─── RECORDED DATA ───
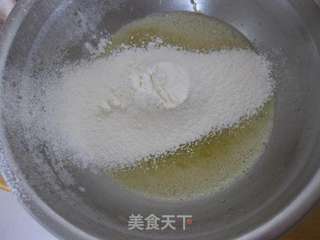 芙纽多的做法步骤:3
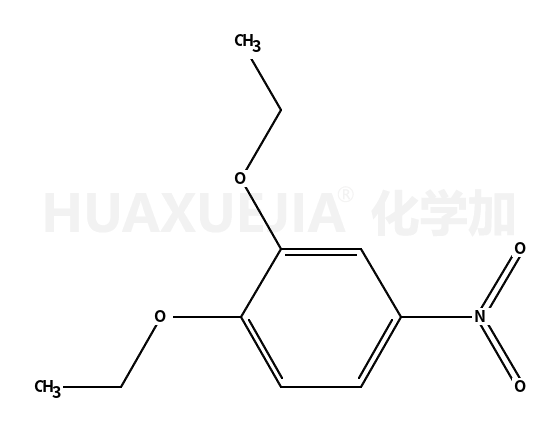 3,4-二乙氧基硝基苯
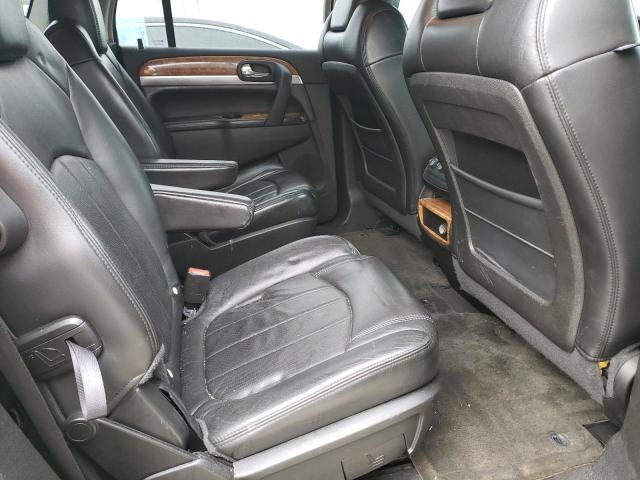 Photo 11 from auction – 2009 BUICK ENCLAVE CX with VIN 5GAER23D59J141810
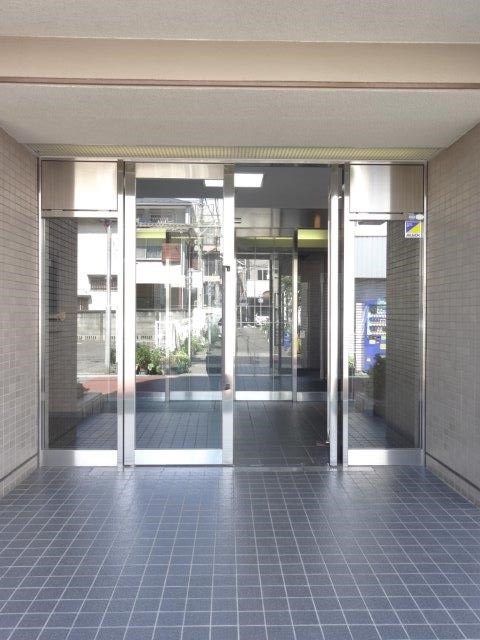 コーボック新小金井 その他1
───
> **ACTIVITY**: The reply should consist of the listing restated word for word, with its pictures removed.

> **SOLUTION FOR THIS TASK**:
 芙纽多的做法步骤:3
 3,4-二乙氧基硝基苯
 Photo 11 from auction – 2009 BUICK ENCLAVE CX with VIN 5GAER23D59J141810
 コーボック新小金井 その他1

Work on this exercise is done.